| Task goal |
Please output exactly the lines from the one containing "Maileg - Grandma & Grandpa Mice in Cigarbox" through the end of the records below, leaving out any pictures.

| Records for the task |
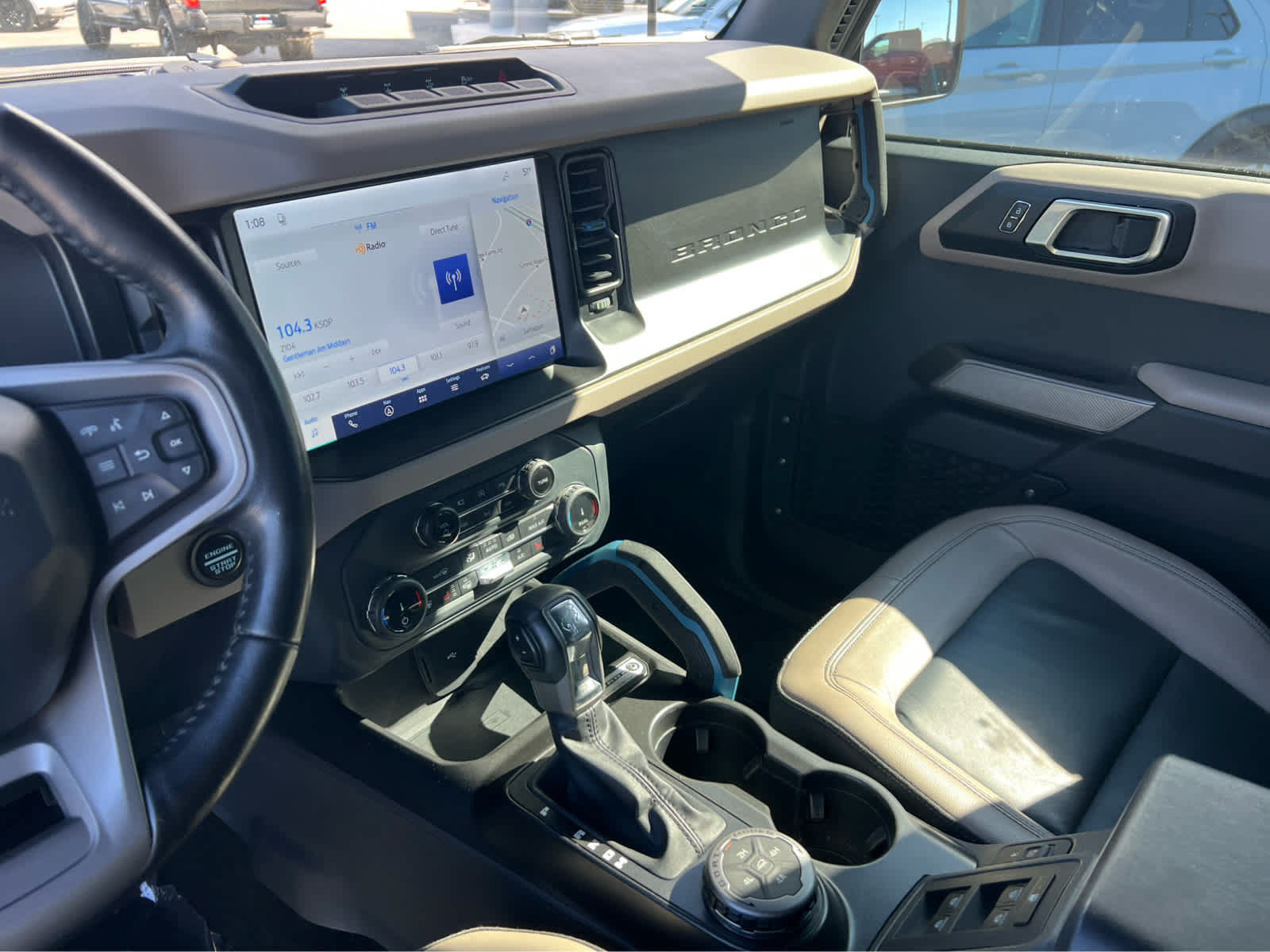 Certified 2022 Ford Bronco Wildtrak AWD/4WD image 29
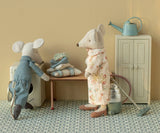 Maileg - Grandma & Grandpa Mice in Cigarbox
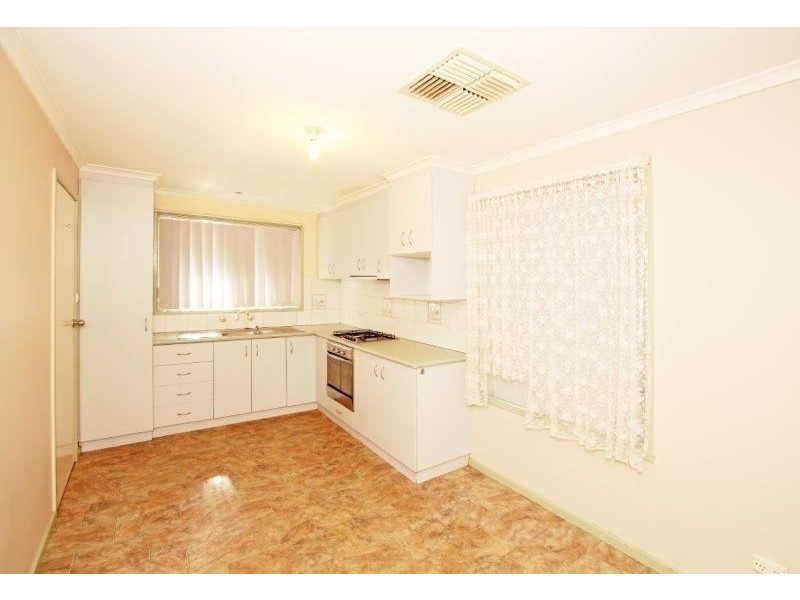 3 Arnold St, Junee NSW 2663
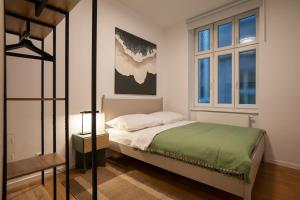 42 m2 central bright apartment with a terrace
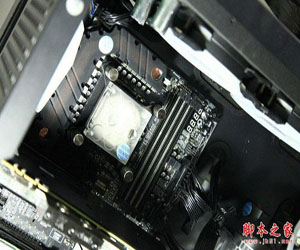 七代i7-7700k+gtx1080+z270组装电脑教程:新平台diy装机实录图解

| Exercise solution |
 Maileg - Grandma & Grandpa Mice in Cigarbox
 3 Arnold St, Junee NSW 2663
 42 m2 central bright apartment with a terrace
 七代i7-7700k+gtx1080+z270组装电脑教程:新平台diy装机实录图解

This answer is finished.